Jan 19, 2004 4:00:46 PM


The NCAA News

Student-athlete life

Gerald Gurney, associate athletics director
University of Oklahoma
USA Today

"(Demands on student-athletes are) much tougher because of the pressure to win and the year-round responsibilities that are placed upon them, in terms of constantly training or competing. It is very difficult for a student-athlete to experience learning for learning's sake.

"In my career and life-planning class, which is a life-skills class largely for athletes, I had the former center on our basketball team talk about career development and how to graduate in four years and those kinds of issues. And he said when he was an athlete, all they looked forward to was their next day off, which they would largely spend sleeping. Just catching up. That's a very good description of their current plight."

Division I-A postseason football

Grant Teaff, executive director
American Football Coaches Association
USA Today

Discussing an agreement coaches have to switch their votes to align with the outcome of the Bowl Championship Series championship game:

"There is no discomfort (among coaches) at all. Everything (this year) has worked out, under the circumstances, the best possible way. Honestly, if you'd planned it, it probably couldn't have worked out better. Somebody, the other (pre-BCS) way, would have been totally left out."

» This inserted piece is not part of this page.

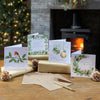 Christmas Greetings Cards - Pack of 4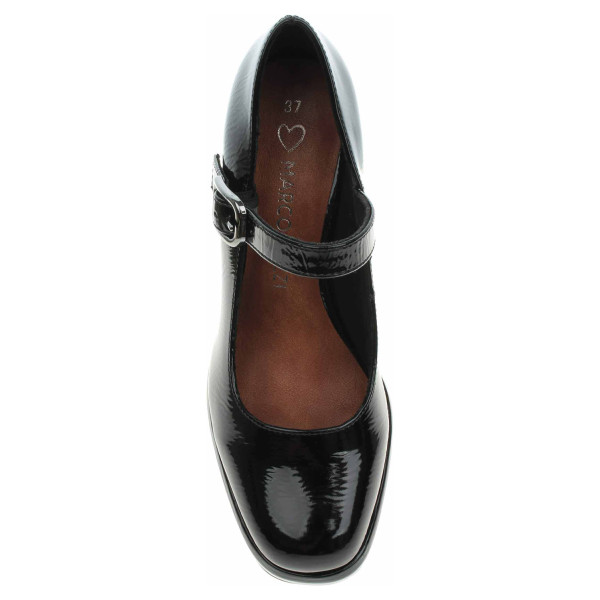 detail Dámske lodičky Marco Tozzi 2-24405-43 black patent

Loren Matthews, senior vice president of programming
ABC
Biloxi (Mississippi) Sun Herald

"You don't hear us complaining. (The controversy) just adds to the spice of it. I don't know how it could be much better for ABC or the college football fans. ...

"Would ABC be opposed to a playoff? Absolutely not. But we're told a playoff is not in the cards."

Roy Kramer, former commissioner
Southeastern Conference
Chicago Tribune

"I think (the BCS) has been enormously successful because it has added a whole new flavor of life, so to speak. I don't know what the call-in shows would have done without it. People in California are interested in what happened in Oklahoma, and people in Louisiana are interested in what happened in California. It's had a kind of nationalization effect. ...

"One of the things that had happened was that the bowls had gotten so competitive that we were making choices for the bowls in mid-October. One of the things we wanted to do was to slow down that process by creating a system that would select the four major bowls, and the other bowls would have to wait.

"When we started this, we were going to use the two (human) polls, but the people at Associated Press and the football writers came to us and said they wanted to cover the news, not create the news. They wanted to be a factor in it, but they didn't want to be the sole factor. We didn't want to go with one poll, the coaches' poll. We thought we'd have some philosophical problems."

Pay for play

Idris Moss, football student-athlete
University of California, Los Angeles
Alameda (California) Times-Star

"You have to be grateful because you're getting a free education, but we should be getting more out of our scholarship checks. What we get is not enough."